Trigger the failover
You can trigger a failover manually using the Temporal Cloud
Web UI or the tcld CLI, depending on your preference and setup.
The following instructions outline the steps for each method:
- Web UI
- tcld
- Visit the Namespace page on the Temporal Cloud Web UI.
- Navigate to your Namespace details page and select the Trigger a failover option from the menu.
- Confirm your action. After confirmation, Temporal initiates the failover.
To manually trigger a failover, run the following command in your terminal:
tcld namespace failover \
--namespace <namespace_id>.<account_id> \
--region <target_region>
If using API key authentication with the --api-key
flag, you must add it directly after the tcld command and before namespace failover
.
Temporal fails over the primary to the replica. When you're ready to fail back, follow these failover instructions to move the primary back to the original.
Post-failover event information
After any failover, whether triggered by you or by Temporal, an event appears in both the Temporal Cloud Web UI (on the Namespace detail page) and in your audit logs.
The audit log entry for Failover uses the "operation": "FailoverNamespace"
event.
After failover, the replica becomes active, taking over in the isolation domain or region.
You don't need to monitor Temporal Cloud's failover response in real time. Whenever there is a failover event, users with the Account Owner and Global Admin roles automatically receive an alert email.
Returning to the primary with failbacks
After Temporal-initiated failovers, Temporal Cloud shifts Workflow Execution processing back to the original region or isolation domain that was active before the incident once the incident is resolved. This is called a "failback".
To failback a manually-initiated failover, follow the Manual Failover directions to failover back to the original primary.
Disabling Temporal-initiated failovers
When you add a replica to a Namespace, in the event of an incident or an outage Temporal Cloud automatically fails over the Namespace to its replica. This is the recommended and default option.
However if you prefer to disable Temporal-initiated failovers and handle your own failovers, you can do so by following these instructions:
- Web UI
- tcld
- Navigate to the Namespace detail page in Temporal Cloud.
- Choose the "Disable Temporal-initiated failovers" option.

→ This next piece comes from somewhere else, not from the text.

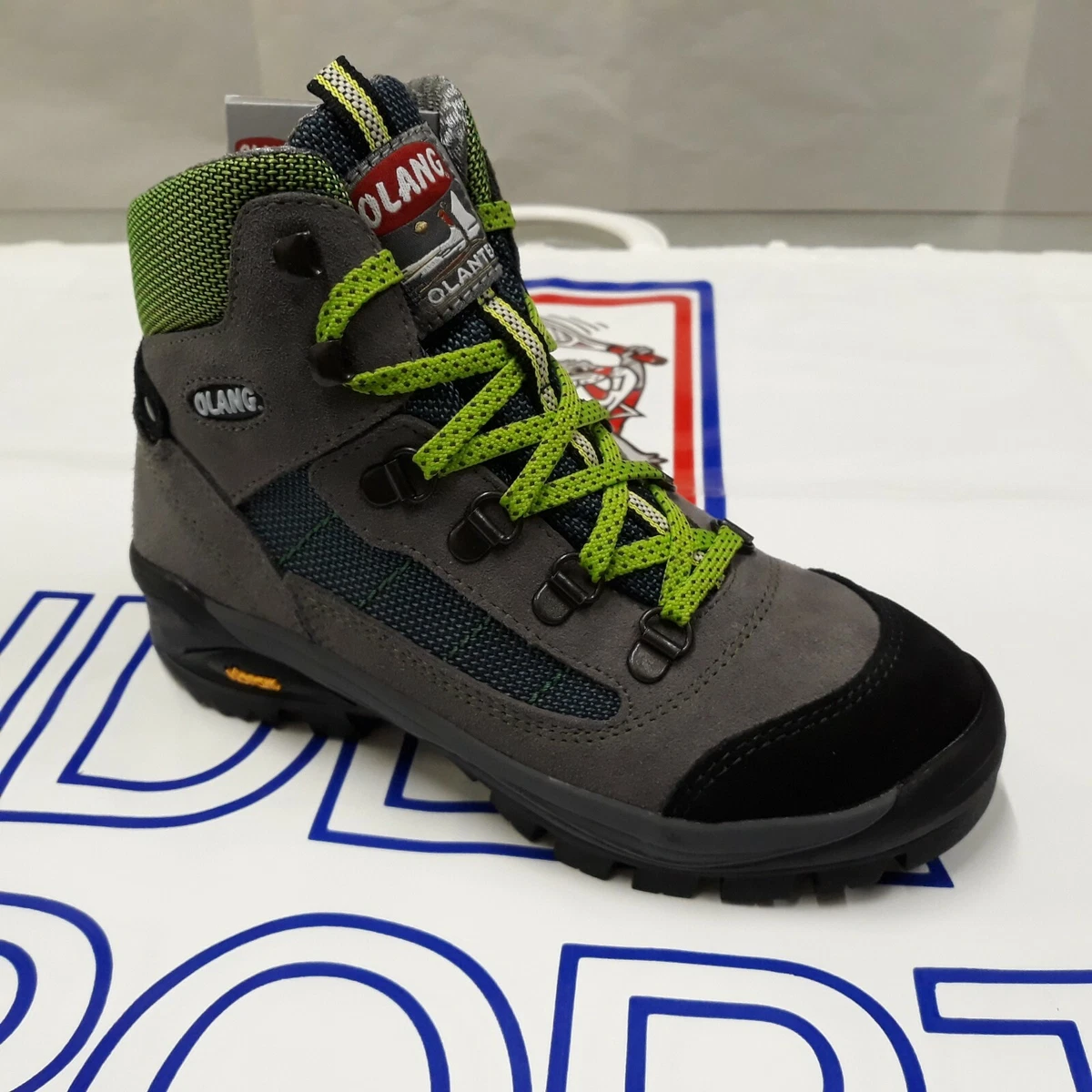 Olang clearance vibram boots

To disable Temporal-initiated failovers, run the following command in your terminal:
tcld namespace update-high-availability \
--namespace <namespace_id>.<account_id> \
--disable-auto-failover=true
If using API key authentication with the --api-key
flag, you must add it directly after the tcld command and before namespace update-high-availability
Temporal Cloud disables its health-check initiated failovers.
To restore the default behavior, unselect the option in the WebUI or change true
to false
in the CLI command.
Best practices: Workers and failovers
Enabling High Availability for Namespaces doesn't require specific Worker configuration. The process is invisible to the Workers. When a Namespace fails over to the replica, the DNS redirection orchestrated by Temporal ensures that your existing Workers continue to poll the Namespace without interruption.
When a Namespace fails over to a replica in a different region, Workers will be communicating cross-region.
- If your application can’t tolerate this latency, deploy a second set of Workers in the replica's region or opt for a replica in the same region:
- In the case of a complete regional outage, Workers in the original region may fail alongside the original Namespace. To keep Workflows moving during this level of outage, deploy a second set of Workers to the secondary region.
Temporal Cloud enforces a maximum connection lifetime of 5 minutes. This offers your Workers an opportunity to re-resolve the DNS.
Best practices: scheduled failover testing
Microservices and external dependencies will fail at some point. Testing failovers ensures your app can handle these failures effectively. Temporal recommends regular and periodic failover testing for mission-critical applications in production. By testing in non-emergency conditions, you verify that your app continues to function, even when parts of the infrastructure fail.